In the presentation I listed seven options that could be added (e.g. to cp and rsync). Other copy tools (like robocopy for Windows) have these (as well as others that may be less important for us on Linux) and may be useful examples.

For example some options which other tools like robocopy let the user select:
- parallel i/o (especially for the uncached copy case)
- allow setting file size first (to reduce the number of metadata updates during the copy operation)
- allow calling the copy system call (copy_file_range API) for file systems which support it
- allow copying additional metadata (e..g xattr and ACLs)
- allow choosing larger i/o (overriding the block size). For some filesystems i/o > 1MB can be much faster than small I/O (some tools will default to 4K or smaller which can be more than 10 times slower)

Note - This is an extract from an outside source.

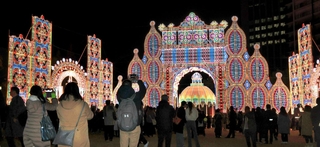 幻想的な光に包まれた神戸ルミナリエの会場＝２４日夜、神戸市中央区加納町６、東遊園地（撮影・笠原次郎）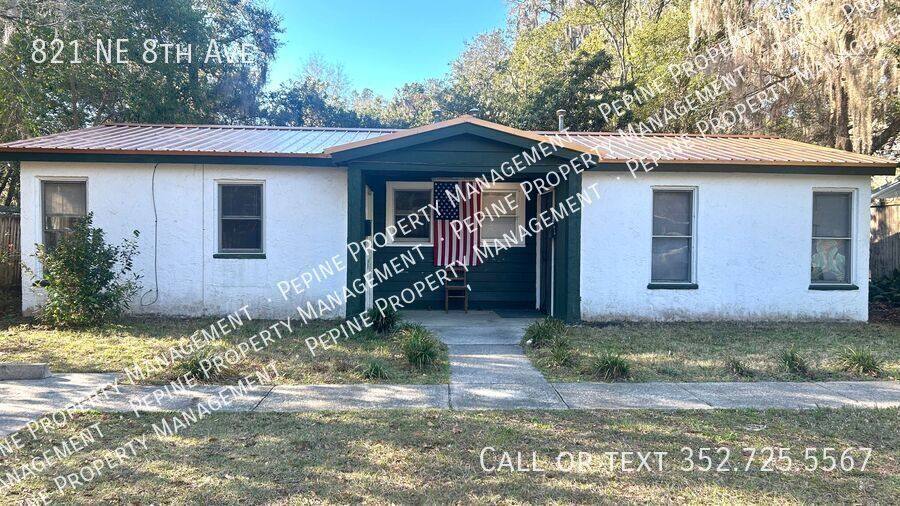 House for rent at 821 NE 8th Ave, Gainesville, FL 32601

And then following up on other discussions at the sumimt:
- allow options like encryption or compression (which could be supported over SMB3 for example and probably other filesystems).

The Linux "copy problem"

Posted May 29, 2019 23:05 UTC (Wed) by roc (subscriber, #30627) [Link]

That makes sense, but you also want to the default to be as good as can be.

The Linux "copy problem"

Posted May 30, 2019 16:20 UTC (Thu) by boutcher (subscriber, #7730) [Link]

I had to laugh that you brought up OS/2

The Linux "copy problem"

Posted Jun 1, 2019 1:40 UTC (Sat) by tarkasteve (subscriber, #94934) [Link] (4 responses)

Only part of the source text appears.